The systematic use of outside lawyers reveals the weakness and ineffectiveness of the Justice Department's conflict of interest rules for competition law cases. The 21-page report calls on the Attorney General and the Commissioner: (1) to maintain a staff of government lawyers large enough to handle competition cases; (2) to strengthen conflict of interest rules for litigation in competition cases; (3) to only use outside lawyers in special circumstances, and; (4) to ensure that even the appearance of a conflict of interest or bias does not occur when outside lawyers are used.
"Corporate lawyers working for the Competition Bureau is a classic tale of letting the fox into the henhouse" said Duff Conacher, Coordinator of Democracy Watch. "Clear rules need to be enforced to prevent this ongoing abuse of the public interest."

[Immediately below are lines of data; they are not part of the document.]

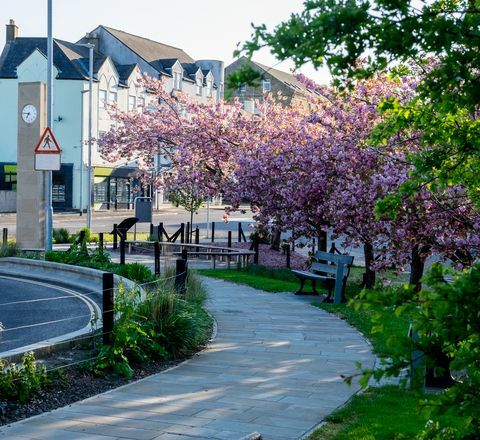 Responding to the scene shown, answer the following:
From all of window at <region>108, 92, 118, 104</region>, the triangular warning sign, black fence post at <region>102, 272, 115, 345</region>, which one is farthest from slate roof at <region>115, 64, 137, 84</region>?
black fence post at <region>102, 272, 115, 345</region>

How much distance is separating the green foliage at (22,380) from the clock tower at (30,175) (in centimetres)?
1668

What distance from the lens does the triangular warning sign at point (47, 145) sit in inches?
782

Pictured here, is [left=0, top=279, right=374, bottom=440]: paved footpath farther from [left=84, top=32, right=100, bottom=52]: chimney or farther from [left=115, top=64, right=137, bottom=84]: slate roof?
[left=84, top=32, right=100, bottom=52]: chimney

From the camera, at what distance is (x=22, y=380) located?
26.3ft

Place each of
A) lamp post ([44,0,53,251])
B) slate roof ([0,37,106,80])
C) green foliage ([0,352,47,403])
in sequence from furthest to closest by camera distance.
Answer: slate roof ([0,37,106,80]) → lamp post ([44,0,53,251]) → green foliage ([0,352,47,403])

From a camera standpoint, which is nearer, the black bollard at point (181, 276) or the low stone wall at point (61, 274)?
the black bollard at point (181, 276)

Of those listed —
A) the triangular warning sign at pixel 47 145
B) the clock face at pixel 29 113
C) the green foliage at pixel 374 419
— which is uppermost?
the clock face at pixel 29 113

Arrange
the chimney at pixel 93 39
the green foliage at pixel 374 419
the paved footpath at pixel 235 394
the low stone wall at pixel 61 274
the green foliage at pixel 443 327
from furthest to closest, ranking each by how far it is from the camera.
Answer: the chimney at pixel 93 39 → the low stone wall at pixel 61 274 → the paved footpath at pixel 235 394 → the green foliage at pixel 374 419 → the green foliage at pixel 443 327

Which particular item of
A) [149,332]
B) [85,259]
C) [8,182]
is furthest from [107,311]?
[8,182]

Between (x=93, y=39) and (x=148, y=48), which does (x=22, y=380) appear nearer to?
(x=93, y=39)

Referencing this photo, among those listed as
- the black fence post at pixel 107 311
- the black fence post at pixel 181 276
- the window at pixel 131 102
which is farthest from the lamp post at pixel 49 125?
the window at pixel 131 102

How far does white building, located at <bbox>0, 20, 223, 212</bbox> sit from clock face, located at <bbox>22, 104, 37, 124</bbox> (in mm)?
32343

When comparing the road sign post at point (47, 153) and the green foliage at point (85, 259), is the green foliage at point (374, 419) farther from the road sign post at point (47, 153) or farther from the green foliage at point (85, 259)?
the road sign post at point (47, 153)

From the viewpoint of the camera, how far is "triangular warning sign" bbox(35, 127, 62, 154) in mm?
19875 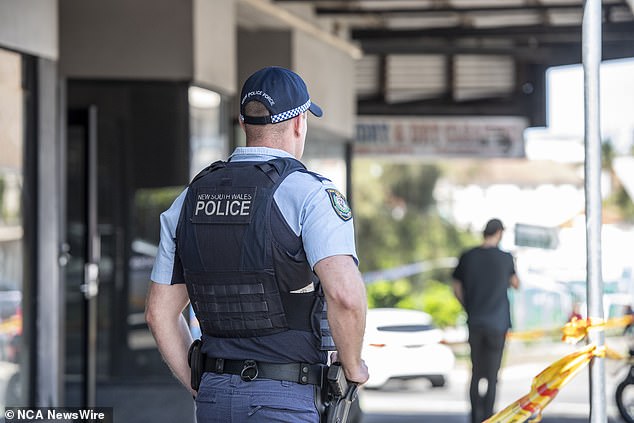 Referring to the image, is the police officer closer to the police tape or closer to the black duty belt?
the black duty belt

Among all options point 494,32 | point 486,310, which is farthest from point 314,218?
point 494,32

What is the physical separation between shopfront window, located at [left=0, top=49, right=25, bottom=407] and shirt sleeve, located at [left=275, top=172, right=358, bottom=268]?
4.07 m

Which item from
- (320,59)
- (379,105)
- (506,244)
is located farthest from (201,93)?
(506,244)

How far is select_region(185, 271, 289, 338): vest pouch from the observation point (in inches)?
143

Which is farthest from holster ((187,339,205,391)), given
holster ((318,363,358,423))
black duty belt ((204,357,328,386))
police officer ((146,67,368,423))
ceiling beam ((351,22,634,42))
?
ceiling beam ((351,22,634,42))

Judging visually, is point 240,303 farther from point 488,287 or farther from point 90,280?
point 488,287

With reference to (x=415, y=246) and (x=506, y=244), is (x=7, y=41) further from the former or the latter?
(x=415, y=246)

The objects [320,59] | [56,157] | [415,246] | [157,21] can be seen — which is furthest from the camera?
[415,246]

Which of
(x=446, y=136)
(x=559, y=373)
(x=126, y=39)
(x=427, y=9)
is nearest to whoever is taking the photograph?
(x=559, y=373)

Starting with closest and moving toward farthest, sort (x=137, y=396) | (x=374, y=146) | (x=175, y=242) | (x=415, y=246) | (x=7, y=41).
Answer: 1. (x=175, y=242)
2. (x=7, y=41)
3. (x=137, y=396)
4. (x=374, y=146)
5. (x=415, y=246)

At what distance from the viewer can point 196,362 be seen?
3.83 meters

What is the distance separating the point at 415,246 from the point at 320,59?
43.1m

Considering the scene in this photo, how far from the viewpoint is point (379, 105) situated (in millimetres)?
16906

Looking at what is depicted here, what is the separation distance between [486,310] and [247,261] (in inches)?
274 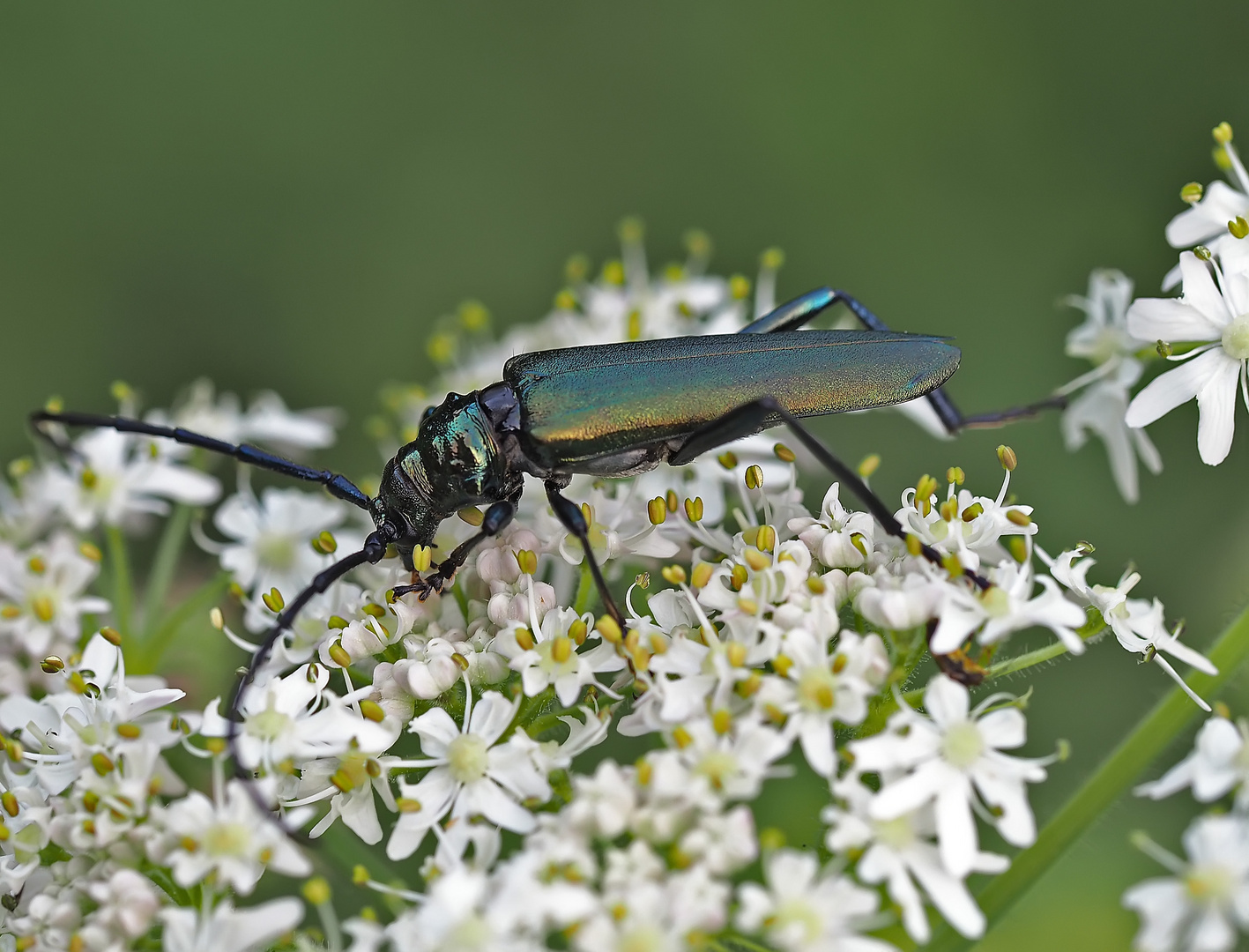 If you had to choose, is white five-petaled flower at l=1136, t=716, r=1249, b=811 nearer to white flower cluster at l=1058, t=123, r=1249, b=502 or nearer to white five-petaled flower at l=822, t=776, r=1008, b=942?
white five-petaled flower at l=822, t=776, r=1008, b=942

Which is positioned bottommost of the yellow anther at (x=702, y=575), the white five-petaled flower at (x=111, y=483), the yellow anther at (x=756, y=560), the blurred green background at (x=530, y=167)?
the yellow anther at (x=756, y=560)

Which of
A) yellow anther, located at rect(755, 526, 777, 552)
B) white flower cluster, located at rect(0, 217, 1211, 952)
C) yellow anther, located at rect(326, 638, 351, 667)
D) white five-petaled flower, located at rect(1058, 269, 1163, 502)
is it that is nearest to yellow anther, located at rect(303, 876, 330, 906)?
white flower cluster, located at rect(0, 217, 1211, 952)

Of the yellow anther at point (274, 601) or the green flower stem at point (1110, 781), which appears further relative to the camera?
the yellow anther at point (274, 601)

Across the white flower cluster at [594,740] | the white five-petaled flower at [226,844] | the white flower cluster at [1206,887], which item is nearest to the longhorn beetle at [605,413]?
the white flower cluster at [594,740]

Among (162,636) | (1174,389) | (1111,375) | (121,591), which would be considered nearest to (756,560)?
(1174,389)

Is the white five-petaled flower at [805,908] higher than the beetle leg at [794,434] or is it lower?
lower

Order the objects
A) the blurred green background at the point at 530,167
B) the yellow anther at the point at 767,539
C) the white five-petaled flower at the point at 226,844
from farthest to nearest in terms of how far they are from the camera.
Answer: the blurred green background at the point at 530,167
the yellow anther at the point at 767,539
the white five-petaled flower at the point at 226,844

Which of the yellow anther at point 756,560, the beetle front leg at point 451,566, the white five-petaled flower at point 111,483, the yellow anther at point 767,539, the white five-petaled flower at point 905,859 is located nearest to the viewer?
the white five-petaled flower at point 905,859

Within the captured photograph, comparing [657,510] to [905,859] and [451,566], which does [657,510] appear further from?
[905,859]

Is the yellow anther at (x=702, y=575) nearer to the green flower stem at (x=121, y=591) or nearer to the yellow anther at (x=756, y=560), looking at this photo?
the yellow anther at (x=756, y=560) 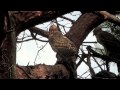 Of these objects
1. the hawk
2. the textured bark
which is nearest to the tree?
the textured bark

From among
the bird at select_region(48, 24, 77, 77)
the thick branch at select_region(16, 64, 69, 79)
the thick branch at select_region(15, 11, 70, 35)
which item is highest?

The report details seven cases of outside corporate lawyers working both for the Competition Bureau and corporations with cases before the Bureau between 1986 and 1999, and raises serious questions concerning the conflicts of interest or bias that have resulted in these cases. The cases deal with competition issues concerning the following corporations, among others: Imperial Oil, Texaco Canada, Nutrasweet, Westinghouse Canada, Laidlaw Waste Systems, Loblaw and Provigo.
Democracy Watch has submitted its report as a petition to the Attorney General of Canada, and will consider launching a court case if the Attorney General does not take corrective action.
Today, Democracy Watch appeared before and filed its report with the House of Commons Industry Committee, which has just concluded hearings on the Competition Bureau. Democracy Watch will also be participating in the consultation meetings on the operations of the Competition Bureau that the Bureau has hired the Public Policy Forum to conduct through the summer.